Finding a patron is important to move upward. A patron relies on clients for youthful exuberance, loyalty, to have eyes and ears in other parts of the organization, to be a confidant, and to extend their own influence. A patron may pick a client and use their influence to protect mistakes they made, put them in high-leverage opportunities not available to others, gets visibility, supports his work, applauds at meetings. And introduces the client to the right people. The client and patron’s relationship is mutually beneficial, and a misstep by one will negatively impact the other.
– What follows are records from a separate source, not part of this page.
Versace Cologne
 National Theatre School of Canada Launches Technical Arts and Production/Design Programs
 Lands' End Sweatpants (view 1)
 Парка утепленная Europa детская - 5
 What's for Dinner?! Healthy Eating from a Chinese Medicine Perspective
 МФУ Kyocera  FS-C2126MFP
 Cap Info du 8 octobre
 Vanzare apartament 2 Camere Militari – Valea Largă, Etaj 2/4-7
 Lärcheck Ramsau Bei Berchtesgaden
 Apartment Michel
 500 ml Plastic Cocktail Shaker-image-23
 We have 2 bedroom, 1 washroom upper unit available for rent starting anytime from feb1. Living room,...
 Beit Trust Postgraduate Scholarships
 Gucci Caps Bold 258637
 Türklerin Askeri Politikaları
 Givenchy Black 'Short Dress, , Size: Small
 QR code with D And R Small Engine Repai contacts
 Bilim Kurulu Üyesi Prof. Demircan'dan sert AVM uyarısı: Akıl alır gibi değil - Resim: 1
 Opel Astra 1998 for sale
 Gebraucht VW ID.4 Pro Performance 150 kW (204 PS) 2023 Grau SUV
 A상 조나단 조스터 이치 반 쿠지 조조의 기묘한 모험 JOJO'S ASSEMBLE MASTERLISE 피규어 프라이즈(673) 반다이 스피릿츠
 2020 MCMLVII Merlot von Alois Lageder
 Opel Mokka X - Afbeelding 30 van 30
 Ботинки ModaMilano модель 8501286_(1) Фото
Failure is an interesting thing to study. Accepting it, such as taking a demotion during a company re-org, is akin to rolling over, regardless of personal circumstance or motive. To be weak in a world that extols strength and power is to incite abuse. Other managers may stay away from managers deemed “weak” as to not be guilty by association.

Drawing Lines

Objective morality does not fit squarely with the corporate bureaucracy. As managers are paid (handsomely) to impress rationality onto an innately irrationally system, they must deal with moral ambiguities and relativity. Those best equipped understand the experience and are not tied to unmoving moral parameters, at least within the office. Often it is the case that certain expedient decisions need to be made, and that part of the role is to not involve others (as to make them capable) or raise the alarm (as doing so will often lead to ones own demise, even without the problem being fixed, if other manager’s well-being depends on it not being fixed). Impressing outside moral beliefs into actions taken by the corporation or other managers also invites outside negative public perception, betrays the trust of other managers (however objectively immoral the decision is), and implies that other managers do not adhere to a high enough standard.

There are many mechanisms in the corporation that enables one to avoid the consequences of one’s actions. For managers in the know, moving swiftly from job to job allows them to make decisions that won’t directly impact them in the future. For example, a manager can “milk” a plant by not replacing equipment, ignoring safety or regulatory upgrades, running workers for longer shifts, etc. This will lower expenses while maintaining or improving output, boosting numbers. If a manager leaves within a year or two, due to a promotion based on the inflated numbers or to a different corporation, they will not have to handle the consequences of worker action, broken machines, fines, or stopped production due to old equipment. Someone else will have to pay the piper.

Managers who work directly with workers know the fabric of their lives, the good and the bad, the individual personalities. It makes it that much tougher to deliver the bad news of resource allocation. It then allows the reader to understand why certain managers may like to maintain personal distance from their reports, knowing that most likely the work relationship will need to come to an end. As one rises up in the hierarchy, the more abstract individual works get. Reallocations, reductions of jobs, and safety concerns that might greatly impact workers lives or even cause death are swiftly transformed to just being numbers on a page and not individual humans. Organizational distance allows secular, pragmatic, utilitarian calculus without feeling any of the emotions attached had one know the individuals personally.